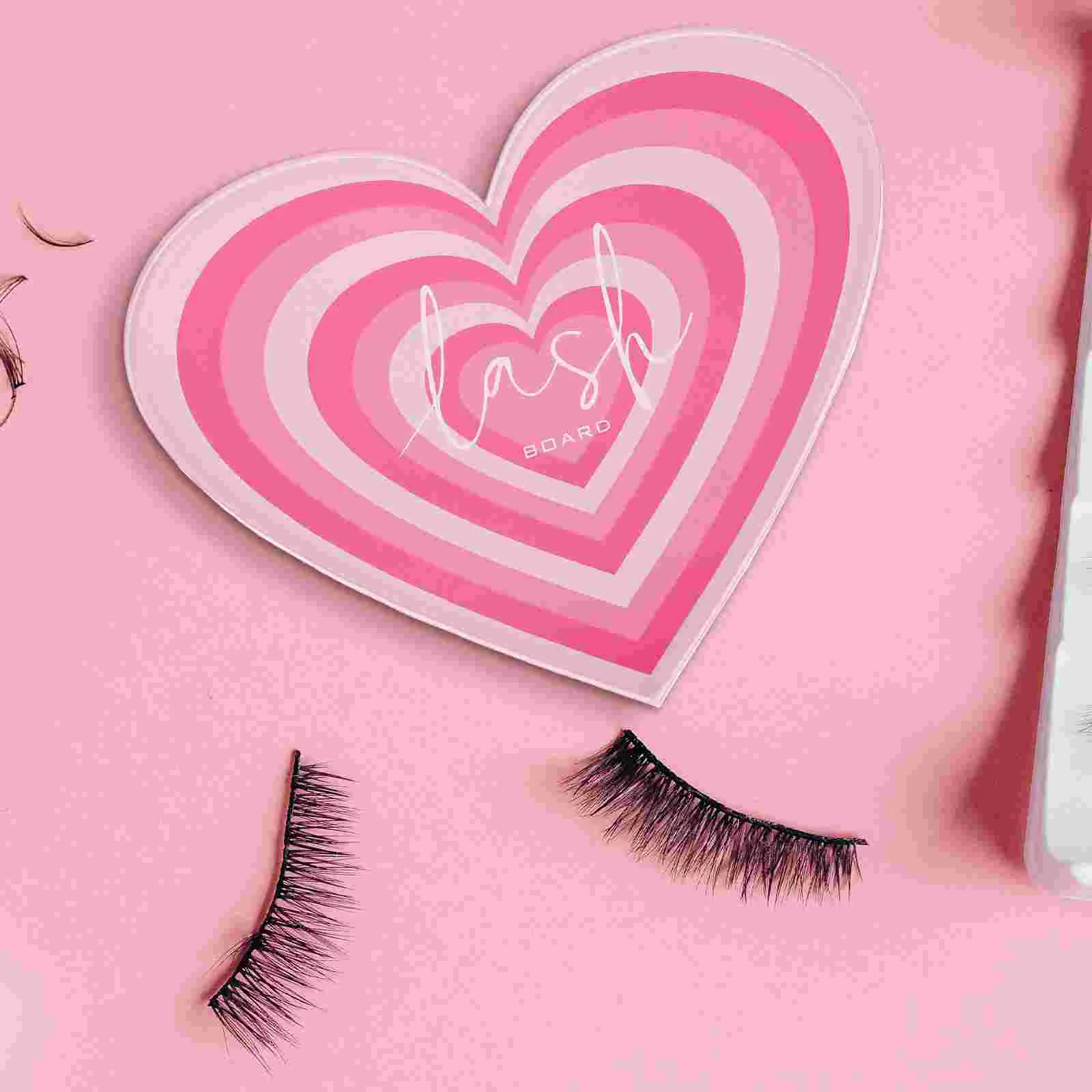 Heart-Shaped Eyelash Plate Extension Arranging Tool Crafting Pallet Display Stand Acrylic Tray Holder Platform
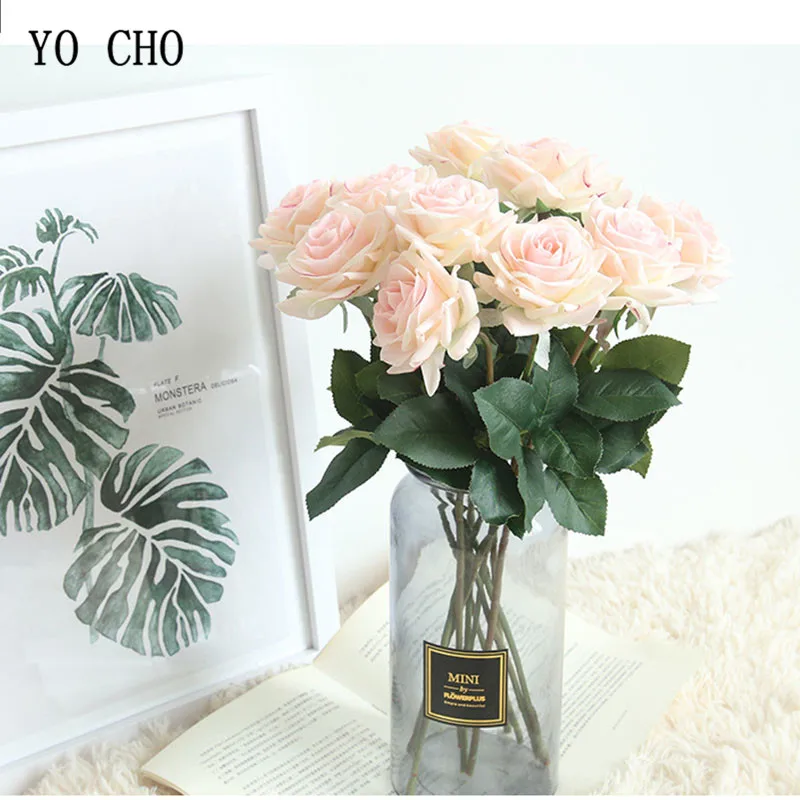 YO CHO Artificial Rose Pink Wedding Flower Branches 42cm Artificial Flower Silk Rose Flower Home Decoration Fake Flowers Wedding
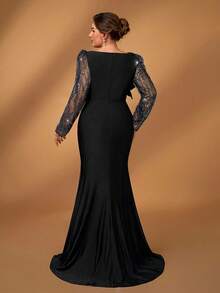 Serin Đầm dạ hội cỡ lớn sang trọng, thanh lịch, thêu ren đính sequin, phối ren, chun co giãn, xếp ly hoa 3D, dáng đuôi cá, thích hợp cho đám cưới, tiệc tùng, dạ hội, kỳ nghỉ, tiệc chiêu đãi, mẹ cô dâu, ngày Valentine. - màu đen - Xem 2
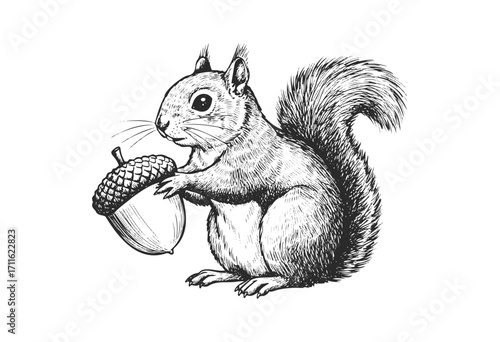Detailed ink drawing of a squirrel holding an acorn - stock vector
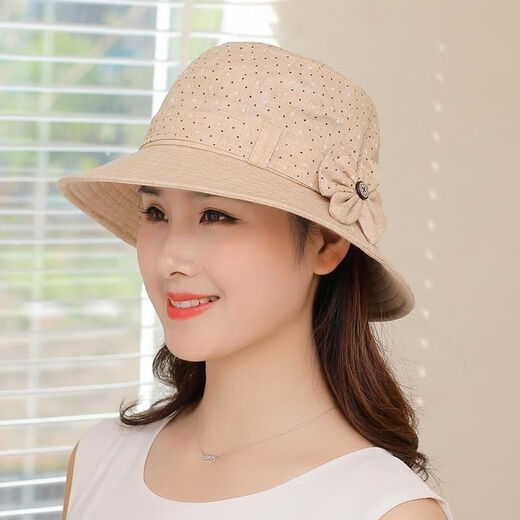 Qiuzengchun autumn hat women middle-aged and elderly women's hat mom sun hat basin hat fisherman hat small brim casual cloth hat elderly hat purple adjustable 54-58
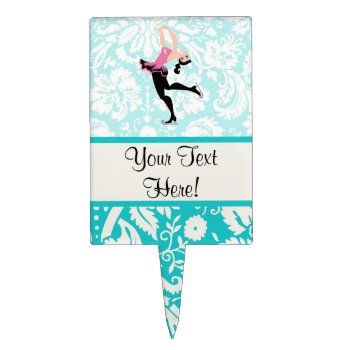 Teal Damask Pattern Ice Skating Cake Topper by SportsWare at Zazzle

= Work order =
Return the full listing exactly as it appears above, without its pictures.

= Solution =
 Heart-Shaped Eyelash Plate Extension Arranging Tool Crafting Pallet Display Stand Acrylic Tray Holder Platform
 YO CHO Artificial Rose Pink Wedding Flower Branches 42cm Artificial Flower Silk Rose Flower Home Decoration Fake Flowers Wedding
 Serin Đầm dạ hội cỡ lớn sang trọng, thanh lịch, thêu ren đính sequin, phối ren, chun co giãn, xếp ly hoa 3D, dáng đuôi cá, thích hợp cho đám cưới, tiệc tùng, dạ hội, kỳ nghỉ, tiệc chiêu đãi, mẹ cô dâu, ngày Valentine. - màu đen - Xem 2
Detailed ink drawing of a squirrel holding an acorn - stock vector
 Qiuzengchun autumn hat women middle-aged and elderly women's hat mom sun hat basin hat fisherman hat small brim casual cloth hat elderly hat purple adjustable 54-58
 Teal Damask Pattern Ice Skating Cake Topper by SportsWare at Zazzle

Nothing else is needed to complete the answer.